Bush insider Hughes quits administration
Karen Hughes, a presidential confidant entrusted with the arduous job of reversing America’s plummeting image abroad, announced Wednesday that she would resign from the administration and return to Texas.
Hughes, 50, one of the last members of President Bush’s Texas inner circle still in government, said she would leave her post as head of the State Department’s public diplomacy programs at the end of the year.
Her departure closes out a two-year effort that gave a high profile to the administration’s efforts to improve America’s reputation overseas but did not reverse a continuing decline that was caused in large part by the U.S.-led invasion of Iraq and other Bush foreign policy decisions.
She was the third prominent woman tapped by Bush to arrest the slide of the U.S. image, following failed tries in the years after Sept. 11 by ad executive Charlotte Beers and former ambassador Margaret Tutwiler.
The resignation of Hughes, a former TV reporter whose earliest Mideast mission in 2005 was marred by missteps, leaves the future of the public diplomacy effort in doubt. Once seen by Bush as the way to spread “the universal principle of human liberty,” the outreach campaign quickly began to founder in a rising anti-American tide. A key 2007 survey showed a continued decline in U.S. standing among other countries.
At the same time, the administration’s push for democracy in Arab countries also has flagged. But Hughes cited forward progress of the image effort during a State Department appearance with Secretary of State Condoleezza Rice.

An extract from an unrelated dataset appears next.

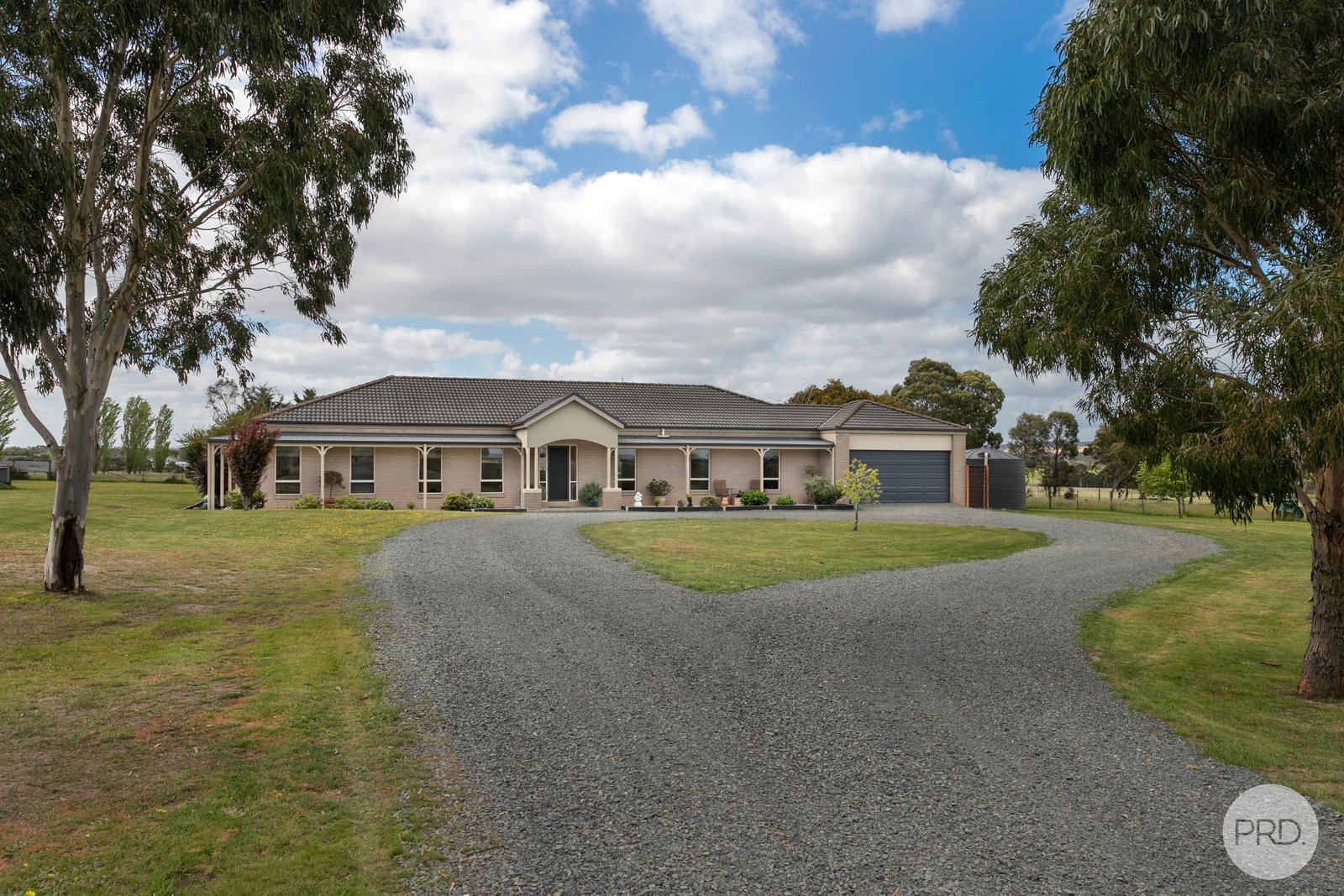 90 School Lane CAMBRIAN HILL 2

“I feel that I have done what Secretary Rice and President Bush have asked of me by transforming public diplomacy and making it a national security issue,” she said.

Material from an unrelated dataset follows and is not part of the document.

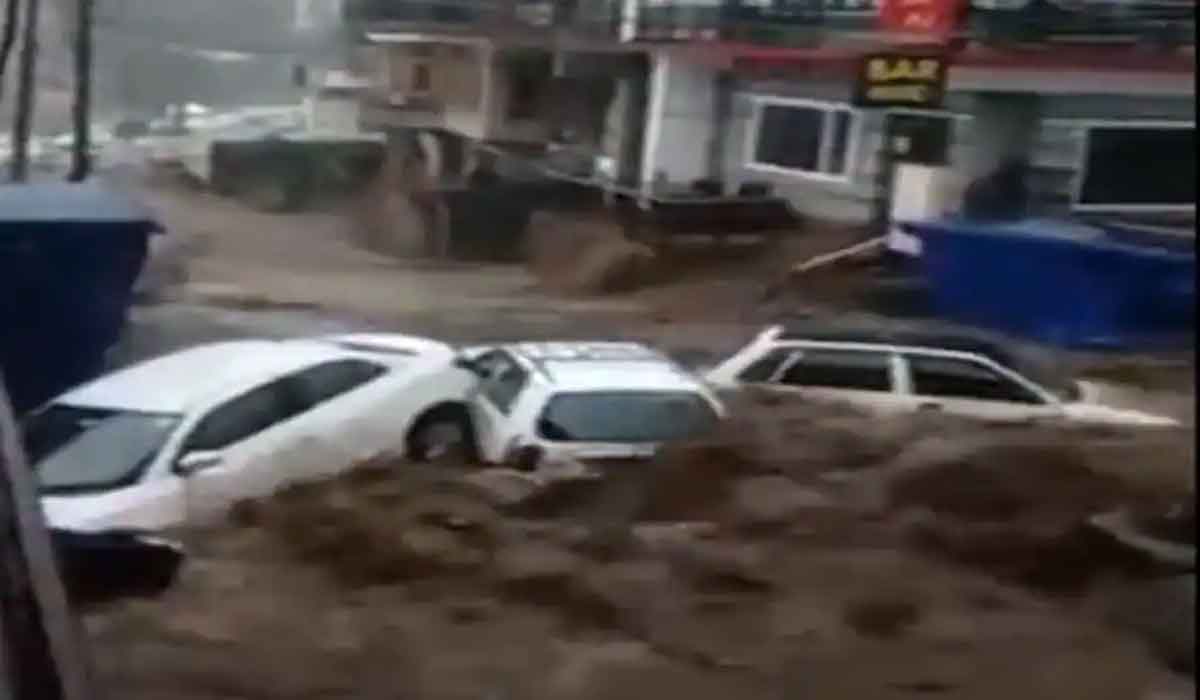 ధ‌ర్మ‌శాల‌లో కుంభ‌వృష్టి.. కొట్టుకుపోయిన కార్లు.. వీడియో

Under her leadership, the U.S. budget for public diplomacy nearly doubled, to $900 million a year. The State Department focused on trying to reverse the hostility toward America in the Muslim world, assigning more Arabic speakers to talk to the Arabic news media and setting up “rapid-response units” to try to counter negative commentary on U.S. foreign policy.

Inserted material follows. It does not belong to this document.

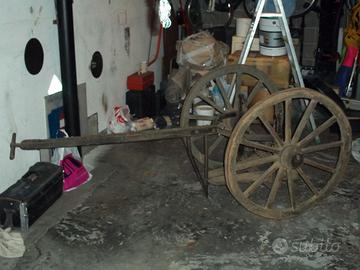 CARRETTO IN LEGNO IDEALE COME FIORIERA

But some experts contend that the approach of Hughes, a political media expert, was too focused on defending the Bush administration’s assertive foreign policy and not enough on selling American values and culture more broadly.
Public diplomacy “can be about selling the policies of the moment, or about selling the American brand abroad,” said Tamara Wittes of the Brookings Institution’s Saban Center for Middle East Policy.
“If you think of the United States in the midst of a long contest for the sympathy and understanding of the world in the struggle against extremism, the latter is more important,” Wittes said.
In some ways, Wittes said, the Hughes approach, with its rapid-response units, has resembled the “war room” of a political campaign.
As undersecretary of State for public diplomacy and public affairs, Hughes succeeded Tutwiler and Beers. Beers was tapped amid fanfare as part of a post-Sept. 11 effort to rejuvenate government outreach programs that had been neglected for years. She pledged to bring the energy of ad campaigns to the promotion of U.S. goals, but left less than two years later, citing health reasons.
The difficulty of the sales job had become clearer when Tutwiler, a onetime chief State Department spokeswoman, took over the post in 2003. Tutwiler said the job would take “years of hard, focused work,” but she left six months later to accept a position at the New York Stock Exchange.
When Bush named Hughes to the post in 2005, it was seen as a sign that the administration remained serious about salvaging America’s reputation, even though the challenge was considered greater than ever.
Hughes, who had never been to the Middle East before taking the job, drew criticism for some of her higher-profile initiatives. Her highly publicized “listening tour” of three Middle East countries in 2005 was widely condemned in the region as clumsy and patronizing. In one appearance, Saudi women chided Hughes for focusing on their nation’s restrictions against women driving cars.
More recently, Hughes appointed a pair of U.S. sports stars, baseball Hall of Fame member Cal Ripken Jr. and ice-skating champion Michelle Kwan, as “public diplomacy envoys” to travel and make public appearances.
But Wittes said that some of Hughes’ less visible efforts, such as her moves to make Arabic-speaking diplomats available to the Arabic media, were more productive.
Nonetheless, the image of the United States has continued to dive in many countries throughout the period, not only in the Middle East but in Europe and East Asia. In the last two years it has continued to fall in Britain, France and Germany, as well as in Pakistan, Jordan and Egypt, according to the Pew Research Center’s Global Attitudes Project.
In a report issued last spring, the survey said that more than 75% of Palestinians, Turks, Egyptians and Jordanians express unfavorable opinions of the United States.